• DIRECTIONS: Transcribe only what runs from the line containing "Księżna Meghan dała" through the final line below, exactly, and leave every picture out.

• INFORMATION SHOWN:
++++

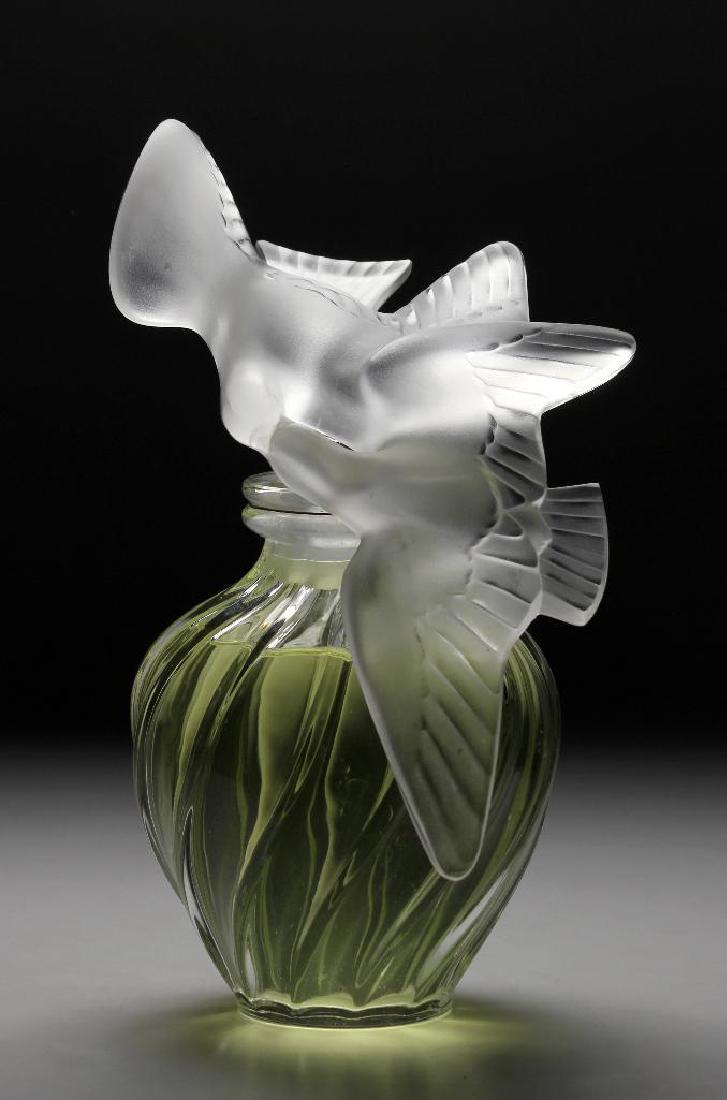 Large Lalique Perfume Bottle (1 of 6)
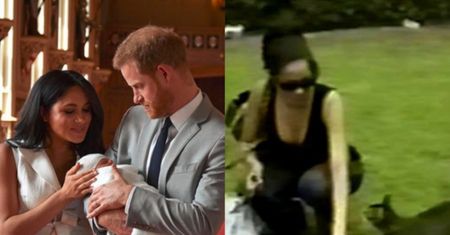 Księżna Meghan dała Archiemu imię po... kocie?! "Kochała tego zwierzaka"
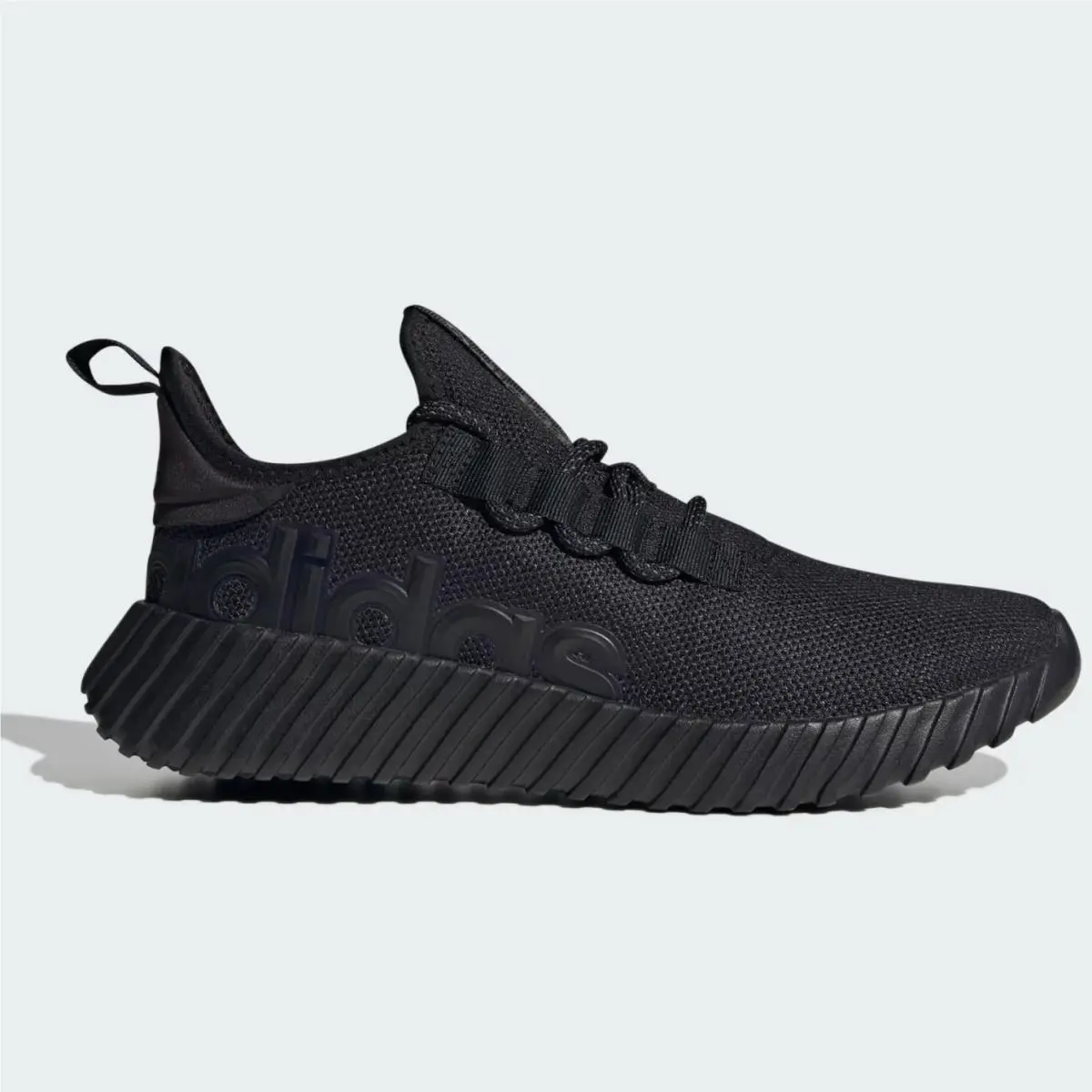 Adidas Kaptir 3.0 Men`s Multi Sizes Triple Black Casual Running Shoes IF7316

++++

• YOUR RESPONSE:
 Księżna Meghan dała Archiemu imię po... kocie?! "Kochała tego zwierzaka"
 Adidas Kaptir 3.0 Men`s Multi Sizes Triple Black Casual Running Shoes IF7316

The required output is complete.